Material provided
##############################
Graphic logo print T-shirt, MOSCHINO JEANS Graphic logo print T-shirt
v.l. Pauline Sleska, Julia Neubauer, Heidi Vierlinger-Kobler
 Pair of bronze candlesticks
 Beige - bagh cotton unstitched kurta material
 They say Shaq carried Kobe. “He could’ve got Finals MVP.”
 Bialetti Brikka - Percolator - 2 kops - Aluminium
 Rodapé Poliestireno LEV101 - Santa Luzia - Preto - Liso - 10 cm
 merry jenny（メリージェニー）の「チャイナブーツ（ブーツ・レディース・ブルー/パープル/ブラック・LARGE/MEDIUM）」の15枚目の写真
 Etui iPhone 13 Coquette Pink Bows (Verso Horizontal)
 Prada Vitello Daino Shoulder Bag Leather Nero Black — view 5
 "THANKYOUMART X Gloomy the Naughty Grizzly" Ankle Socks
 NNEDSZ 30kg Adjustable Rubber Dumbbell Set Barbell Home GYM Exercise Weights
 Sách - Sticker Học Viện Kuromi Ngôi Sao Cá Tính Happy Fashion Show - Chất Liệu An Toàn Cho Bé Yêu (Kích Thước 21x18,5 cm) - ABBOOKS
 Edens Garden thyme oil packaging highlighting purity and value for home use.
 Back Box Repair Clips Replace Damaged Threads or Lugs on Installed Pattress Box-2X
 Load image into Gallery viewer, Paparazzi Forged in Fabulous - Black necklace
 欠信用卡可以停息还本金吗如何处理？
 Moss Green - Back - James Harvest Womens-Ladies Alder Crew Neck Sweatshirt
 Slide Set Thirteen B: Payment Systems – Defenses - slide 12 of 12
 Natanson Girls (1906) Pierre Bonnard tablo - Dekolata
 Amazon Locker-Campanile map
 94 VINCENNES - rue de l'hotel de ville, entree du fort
##############################
Search the entries for "Black" and show every line that has it.

Response for this exercise
 Prada Vitello Daino Shoulder Bag Leather Nero Black — view 5
 Load image into Gallery viewer, Paparazzi Forged in Fabulous - Black necklace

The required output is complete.